Am einfachsten war der Feldherr selbst gekleidet. Sein Wappenrock war von schlichtem Schwarz und wies kleine Wappentäfelchen mit einem doppelköpfigen Adler auf, über dem ein roter Schrägbalken lag. Doch seine Kleidung war, wie Tilla feststellte, aus bester Seide gefertigt, und die schwarze, mit einer einzelnen Reiherfeder geschmückte Kappe hatte gewiss ein kleines Vermögen gekostet. Seine Gewandung faszinierte Tilla jedoch weniger als seine Gestalt und sein Gesicht. Bertrand du Guesclin war mit Abstand der hässlichste Mann, den sie jemals gesehen hatte. Zwei Fingerbreit kleiner als sie wirkte er fast ebenso breit wie hoch. Er musste in vielen Kämpfen gestanden haben, denn sein Antlitz glich einer von Narben zerfurchten Fratze.
Beim Anblick der Pilger trat er lächelnd auf sie zu, begrüßte Blanche überschwänglich und ließ auch die anderen einschließlich Starrheims nicht aus. Es schien fast, als wolle er Philippe de Saint Viths beleidigendes Verhalten vergessen machen, denn er umarmte den Neffen der Habsburger Herzöge und lud ihn ein, neben ihm an dem aus Brettern und Böcken zusammengebautenTisch zu sitzen. Eine kostbare Decke verhüllte die primitive Tafel, an der eine ganze Reihe von Klappstühlen für die Gäste bereitstand.
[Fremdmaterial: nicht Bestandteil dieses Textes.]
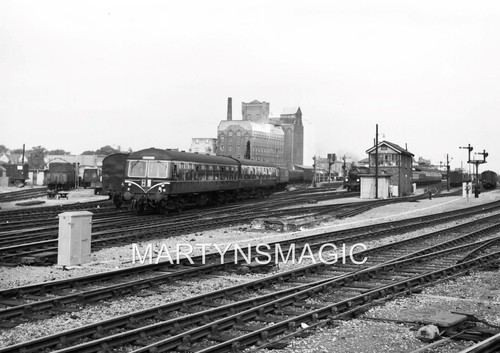 Digital railway image - sr-dk-digital,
Zu Tillas Überraschung wurde ihre gesamte Gruppe an die Tafel gebeten, und nachdem der Prediger des Feldherrn das Tischgebet gesprochen hatte, trugen vornehm gekleidete Pagen die Speisen auf. Trotz der kurzen Zeit, welche den Köchen zur Verfügung gestanden hatte, schmeckte das Essen ausgezeichnet. Es gab Brathähnchen, dicke Suppen, gebackenen Fisch und zum Nachtisch einen mit Wein getränkten Kuchen, der so intensiv nach Gewürzen duftete, dass Tilla davon fast schwindlig wurde. Während sie aß, blickte sie kurz zu Sebastian hin, dem es ebenfalls schmeckte. Zu seiner und, wie sie merkte, auch ihrer Freude hatte Vater Thomas ihm die Fastenstrafe erlassen, so dass er wacker mithalten konnte.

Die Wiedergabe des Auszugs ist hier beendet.